Most Helpful Guy
Think this through. You want her back. She wants you back. What's keeping you from getting back together?
The answer to that question is the fact that she's with another guy. She could easily dump him and come back to you, but she's not. She's staying with him and seeing how it goes...and guess what, if it goes south, whose gonna be there to clean up the mess? You.
First off, there is no such thing as a "break." I realized this after my fiancé of 2 years (dated for 8) requested a break, told me she'd stay committed, then cheated on me. Its not a break. Its a breakup. Use that as a learning experience.
Secondly, how are you okay with wanting to take a girl back who you know got drunk and hooked up with another dude in between your relationship? She's been with another guy while you're sitting home on the computer asking for advice man...she doesn't care about you. She has someone new, and she obviously didn't have too strong of feelings for you when you were together considering she's with another guy only a week and a half after your break. Now, she's lying through her teeth and stringing you along.
Your need to accept the break up. They're tough. Stay strong. She is one of 3.6 billion women on the planet, and I guarantee you there is someone out there who wouldn't toy with your feelings like she is. You have to cut her out of your life. Leave hers completely. Put away everything that reminds you of her. It'll take months to completely feel better, but its a breakup. Its tough. But you'll see later in life, that any good woman would not do this to you.

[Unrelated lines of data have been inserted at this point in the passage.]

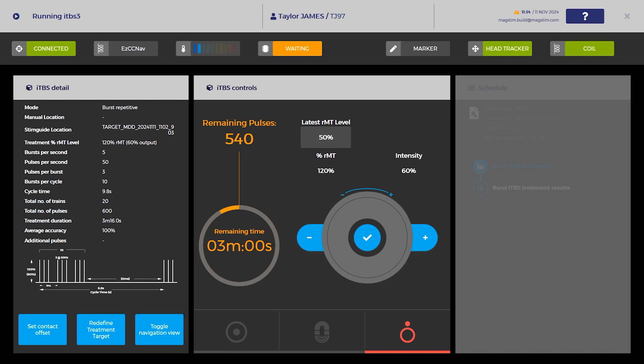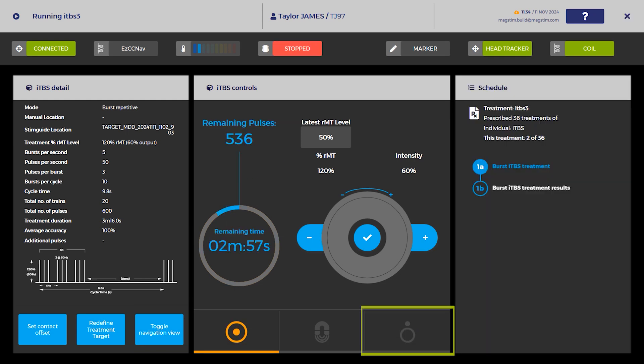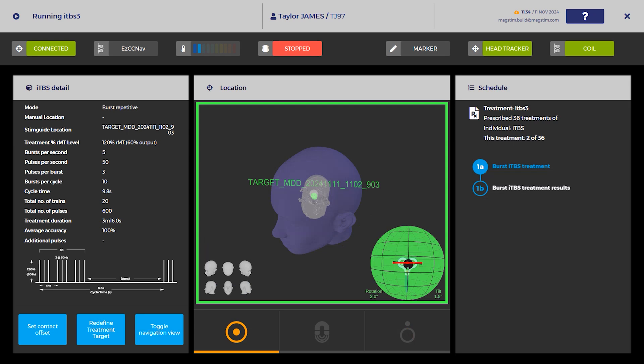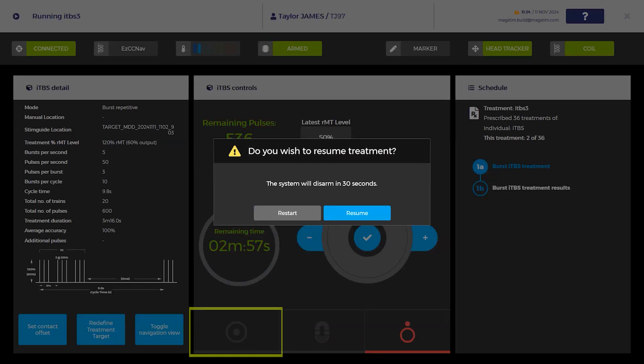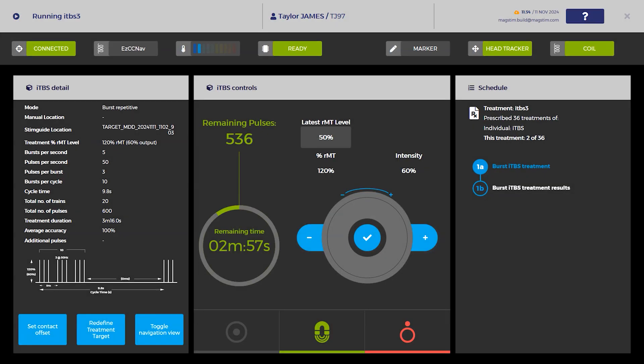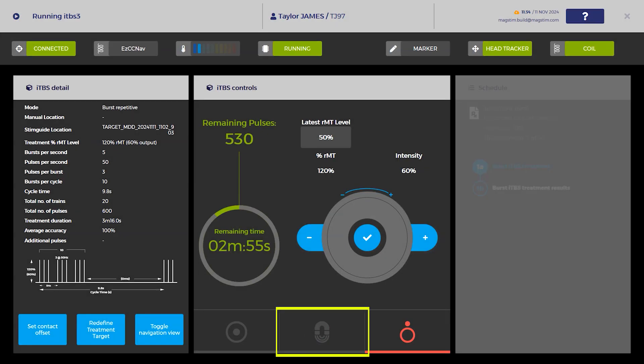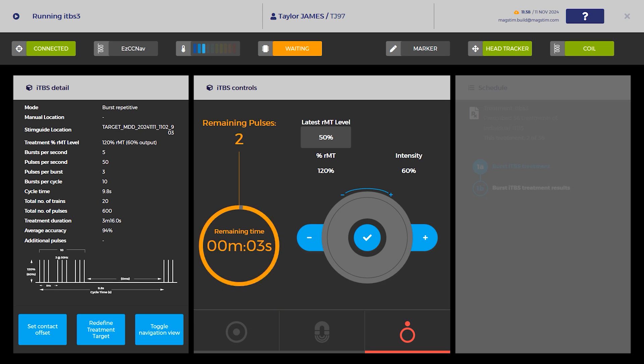If treatment needs to be paused, press the red stop button. To resume the treatment, recheck the coil position and press the amber arm button to charge the system. Confirm the session is to be resumed. Press the green trigger button to resume the treatment session.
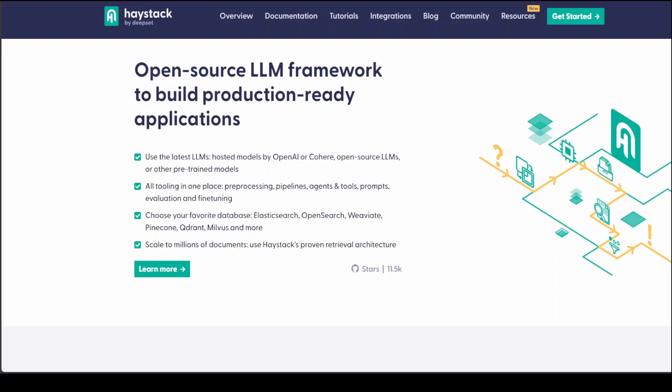Building large language model applications is becoming easier as new frameworks appear every week. Now we have another framework to build large language model applications called Haystack by Deepset.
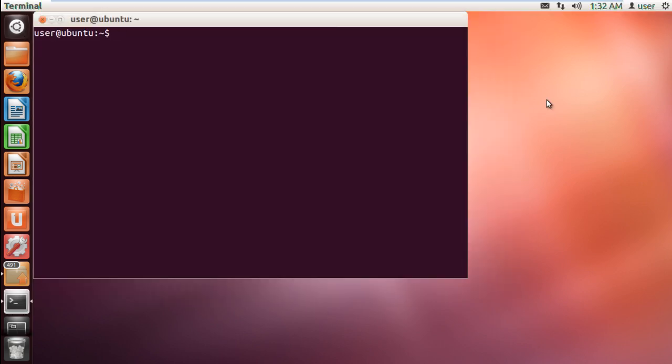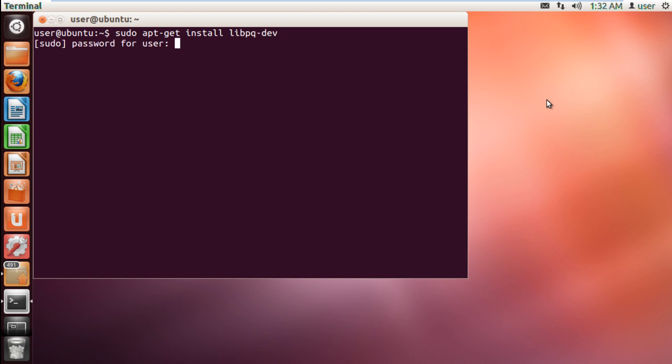There may be cases where you will need the PostgreSQL development packages to build your own native extensions. To install the PostgreSQL development package, type in sudo apt-get install libpq-dev and hit enter.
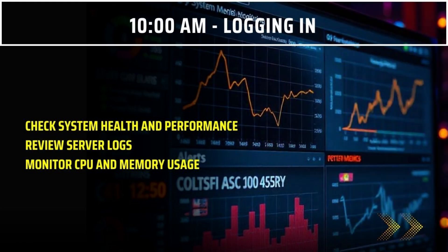Our day starts at 10am with logging in. The first task is to check the system health and performance, where we review server logs to catch any unusual activity and monitor CPU and memory usage to ensure everything is running smoothly. This proactive check helps us catch potential issues before they escalate.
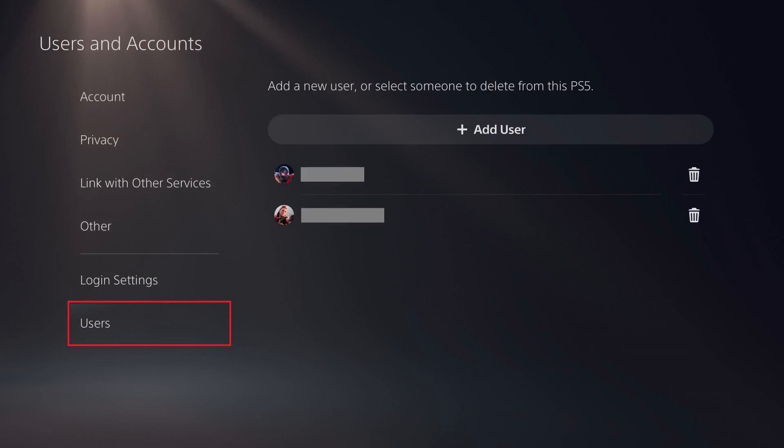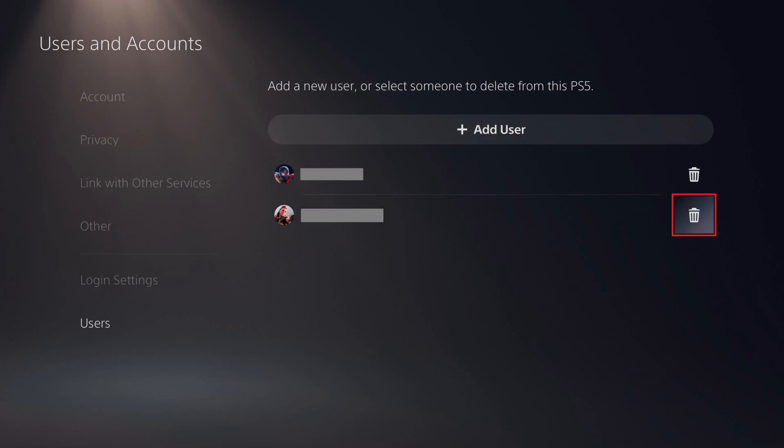A list of user accounts set up on your PS5 is shown on the right side of the screen. Step 4. Click the Trash Can icon that appears to the right of the user profile you want to delete from this PS5.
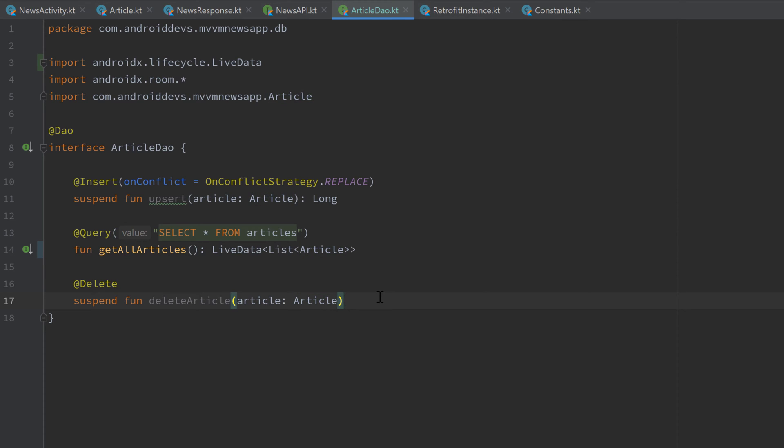And that is it for the first part of our database creation. In the next part, we will continue with that and create the actual database and also what is called a type converter. But you will learn what that is in the next part. I decided to split that into two parts because it's quite a lot of new stuff. And I really want to make this series for people who have never worked with Room before.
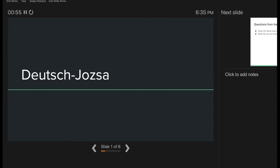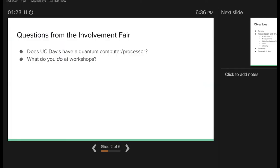Deutsch-Jozsa is not meant to be a useful algorithm. I did promise that near the end of the quarter I'd produce workshops where you work on actual problems — for VQE we'll be simulating the ground state for different molecules, or there are combinatorial optimization problems that pop up often in industry. But this time I figured I'd keep things as accessible as possible. There were some interesting questions from the involvement fair I wanted to address.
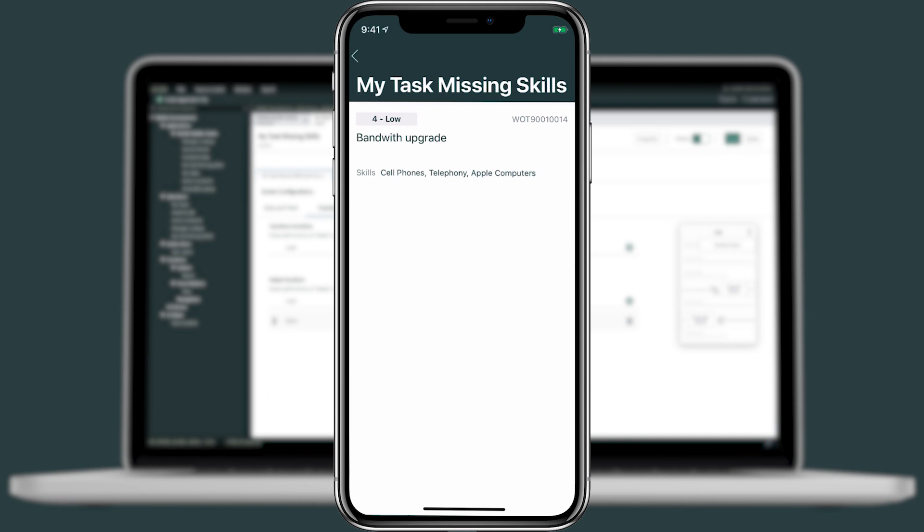And in just minutes, we just created our very first scripted data item. This wraps up our quick intro to scripted data items. Thank you for watching.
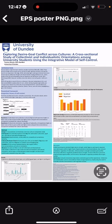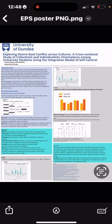Our study proposes two main hypotheses. First, that students from collectivistic cultures such as Nigeria will exhibit either a higher or a lower level of desire-goal conflict compared to students from individualistic cultures like Scotland, with collectivistic cultures likely showing higher levels of desire and goal interconnectedness. Second, regardless of nationality, students with a collectivistic orientation will experience either a higher or lower level of desire-goal conflict compared to those with individualistic orientations, and collectivistic cultures will also show stronger desire and goal interconnectedness.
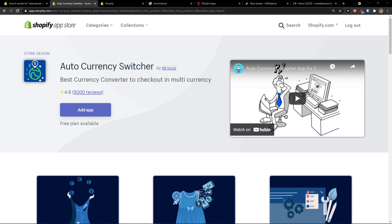Hey there guys, my name is Markus and in this video I'm going to show you step-by-step how you can easily use the AutoCurrency Switcher for your Shopify store. So let's start.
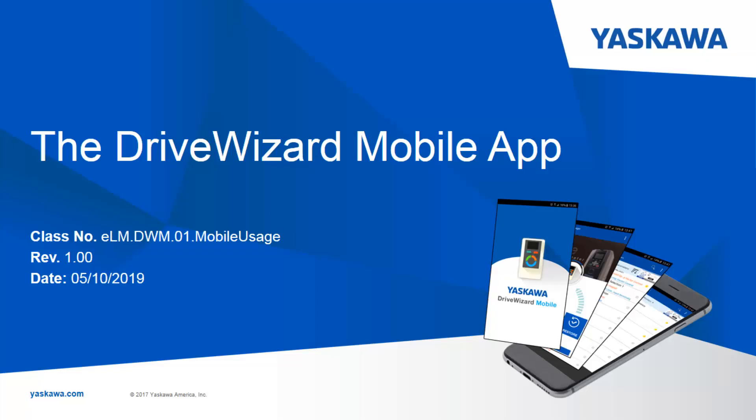Hello, I'm Bob Bonsar with the Yaskawa Training Department, and this is a series of videos on the DriveWizard mobile app.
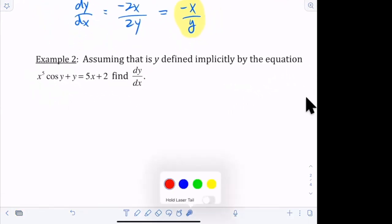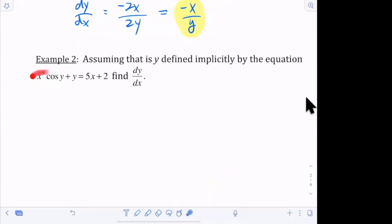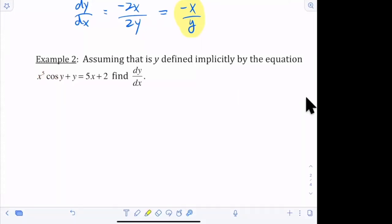What rule do I need to use to find the derivative of this first piece right here? That's right — product rule. The first function is x to the fifth, and the second function is cosine of y.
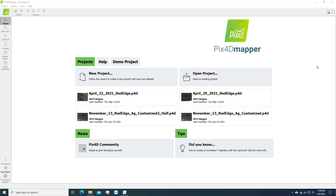Hello, today in this video I'm going to show you how to process the MicaSense RedEdge-M multi-spectral datasets in PIX4D Mapper for agriculture applications.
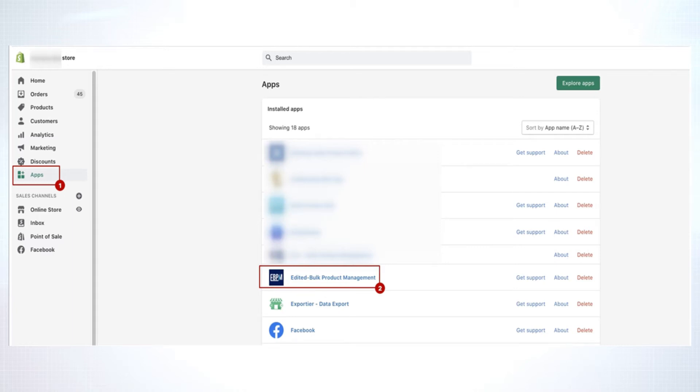If you need to change many prices in your Shopify store, you can use an app for this. I have installed Edited Bulk Product Management app for this. Let me show you how it works.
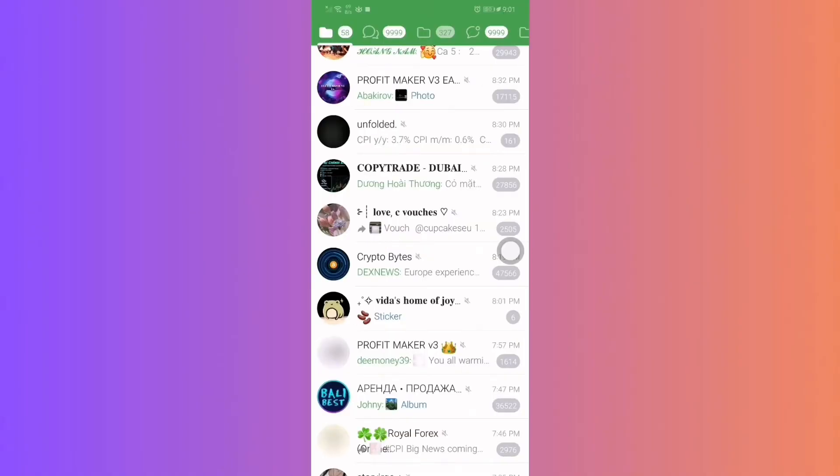It will have an interface similar to Telegram. Step 2: Log in to Graph Messenger.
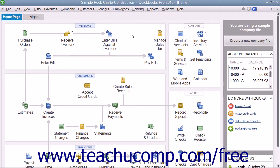If you add custom fields to sales forms or purchase orders, QuickBooks will automatically enter the values specified for the selected employee, customer, vendor, or item that you have selected, if a value for that field was entered.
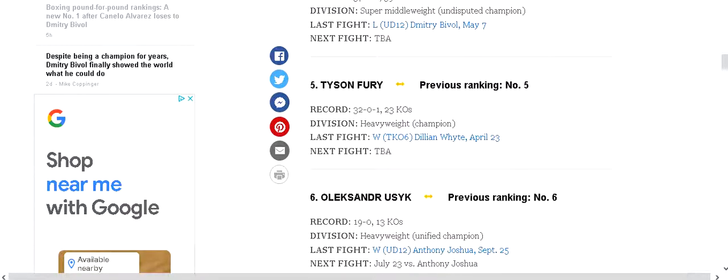Then we have the big man Tyson Fury. We know about his blastout of Dillian Whyte which was huge, but his huge victories were over Deontay Wilder.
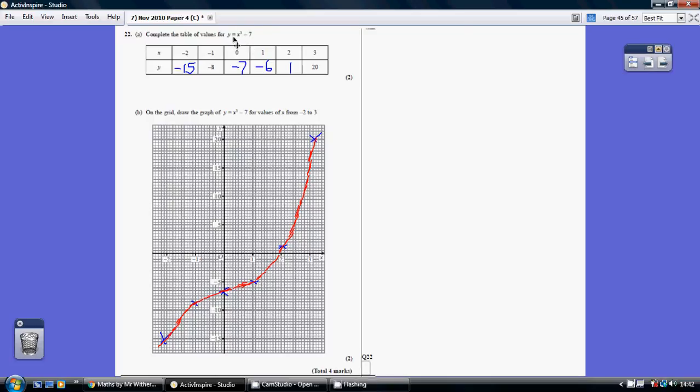So this isn't a smiley face or a sad face, or it isn't a straight line. So it's one of these shapes here, which you may well not have seen before. So just use your calculator.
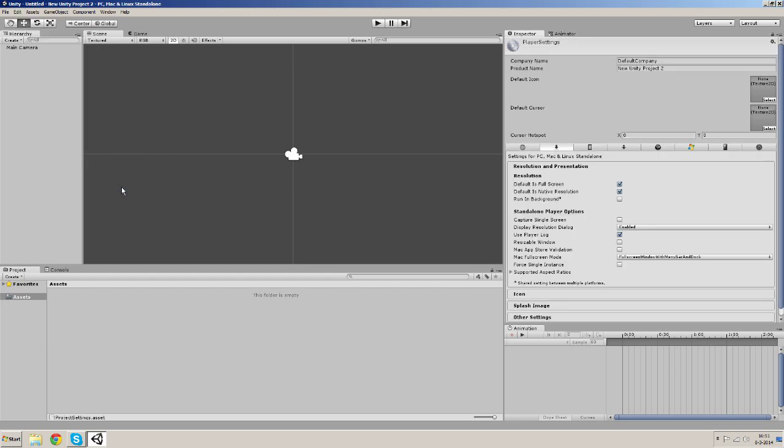And now there are a lot of things you can change here, but the only real thing I want to change is the name of the project. Make this our car tutorial project.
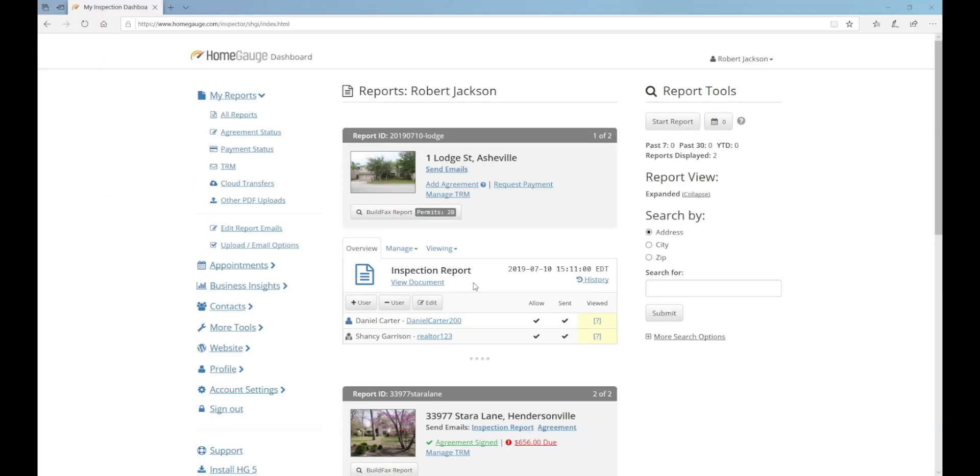All reports should begin as an appointment on your dashboard calendar. To book an appointment, start by logging into your HomeGage dashboard and clicking on the Appointments category in the navigation menu down the left-hand side of the web page.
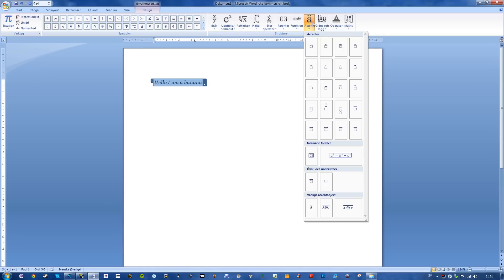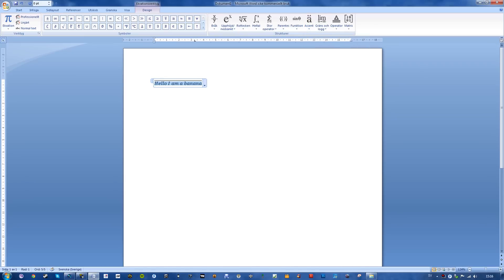And here you can choose either this one, which simply says Line, or this one that says Over and Underline. Or just Overline, yeah. And here we go.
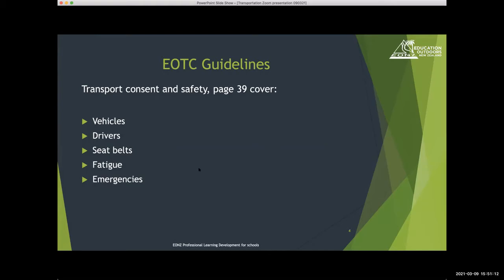Today we're looking at transport. The EOTC guidelines document covers transport consent and safety on page 39, and it has five main sections that we'll look at today.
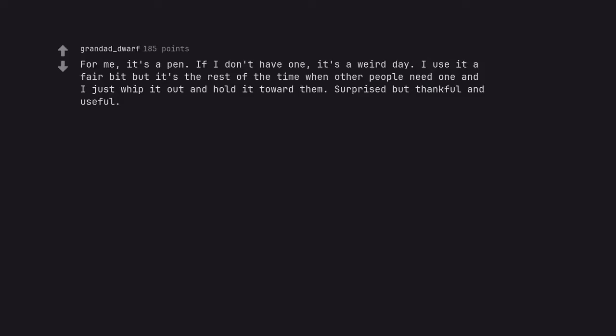For me, it's a pen. If I don't have one, it's a weird day. I use it a fair bit but it's the rest of the time when other people need one and I just whip it out and hold it toward them. Surprised but thankful and useful.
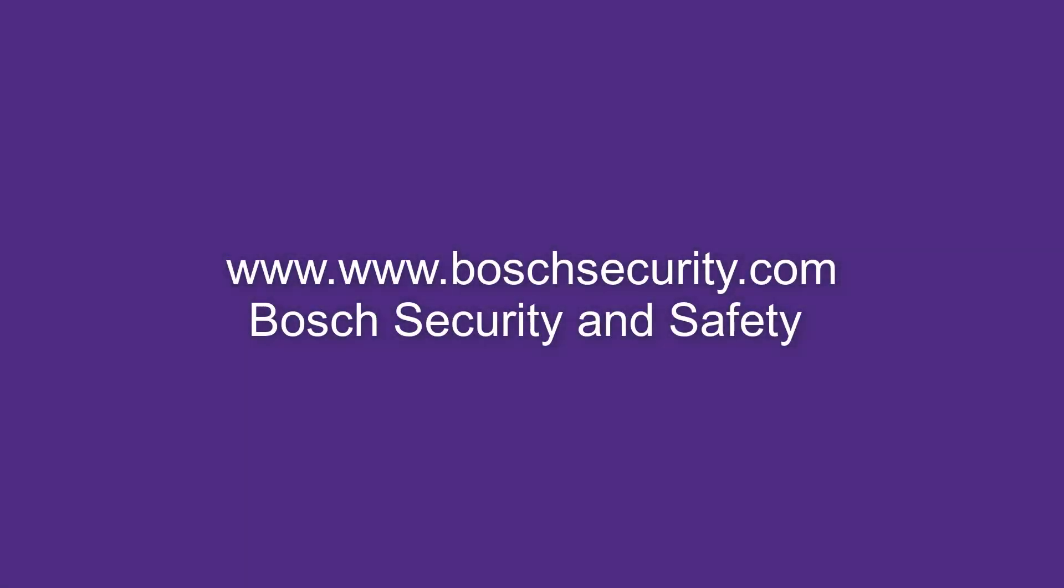Learn more about our products by accessing our Bosch Security and Safety Academy at www.boschsecurity.com.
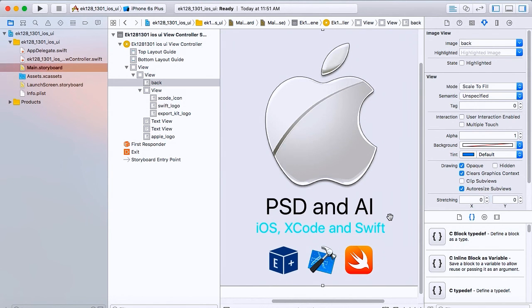But this is quick and easy, PSD to Xcode, iOS, Storyboard, Swift, all in one, only with ExportKit.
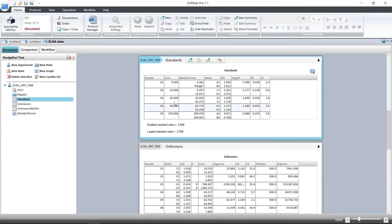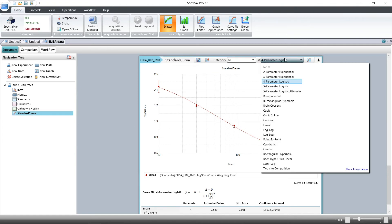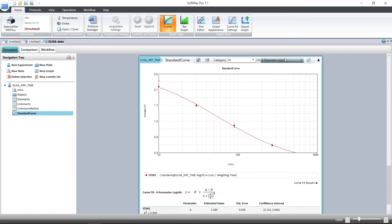We also see the concentration, OD, average standard deviation, and CV. This is used to construct the standard curve. There are many different standard curve fits available in the drop-down menu. Choose the one that suits your data the best.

Step 1: Cut off all contact...phones, Facebook, everything. Don't even owe her an explanation
Step 2: Grieve...mourn...take time for yourself. Do things you enjoy to distract yourself. Confide in friends if necessary. This starts the moving on process
Step 3: Focus on yourself...join a gym...focus on your goals...build yourself up and improve your life.
Step 4: Once you're happy and secure with yourself, slowly introduce yourself to the dating world again, and use this mess of a girlfriend as a learning experience.
What qualifies me to tell you this? As I said above, I was once engaged. She cheated on me with 13 men. I wanted to take her back because I loved her. Instead of doing what was best for "us," I did what was best for me and I refused to take her back, even after she called crying on a nightly basis. I cried for months as well, but it was worth it.
I sincerely hope you don't get back with this girl. I hope you refuse her a relationship with you, and refuse her a friendship. She doesn't deserve it, and you deserve to be the one to come out on top in this situation. Take your answerers' advice and you will.